Two lines in the listing below mark the span: one contains "بحث آفاق جديدة" and one contains "前金蛋黃市中心電梯大三房房屋室內格局與周邊環境". Reproduce both of them and everything between, exactly.

(MATERIAL FOR THIS EXERCISE Opens)

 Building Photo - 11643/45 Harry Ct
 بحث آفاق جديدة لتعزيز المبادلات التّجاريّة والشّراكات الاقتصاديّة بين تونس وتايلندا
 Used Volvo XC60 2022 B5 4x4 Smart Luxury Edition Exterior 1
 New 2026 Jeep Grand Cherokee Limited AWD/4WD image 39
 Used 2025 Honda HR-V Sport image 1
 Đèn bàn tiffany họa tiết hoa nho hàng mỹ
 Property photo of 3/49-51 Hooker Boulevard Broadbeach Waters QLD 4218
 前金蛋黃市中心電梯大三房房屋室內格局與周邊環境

(MATERIAL FOR THIS EXERCISE Closes)
(MATERIAL FOR THIS EXERCISE Opens)

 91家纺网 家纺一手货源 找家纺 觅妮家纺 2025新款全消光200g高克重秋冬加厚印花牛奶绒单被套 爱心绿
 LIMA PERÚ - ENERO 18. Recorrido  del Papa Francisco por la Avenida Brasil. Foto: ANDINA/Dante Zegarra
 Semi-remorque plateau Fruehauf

(MATERIAL FOR THIS EXERCISE Closes)

=== RESULT OF THE TASK ===
 بحث آفاق جديدة لتعزيز المبادلات التّجاريّة والشّراكات الاقتصاديّة بين تونس وتايلندا
 Used Volvo XC60 2022 B5 4x4 Smart Luxury Edition Exterior 1
 New 2026 Jeep Grand Cherokee Limited AWD/4WD image 39
 Used 2025 Honda HR-V Sport image 1
 Đèn bàn tiffany họa tiết hoa nho hàng mỹ
 Property photo of 3/49-51 Hooker Boulevard Broadbeach Waters QLD 4218
 前金蛋黃市中心電梯大三房房屋室內格局與周邊環境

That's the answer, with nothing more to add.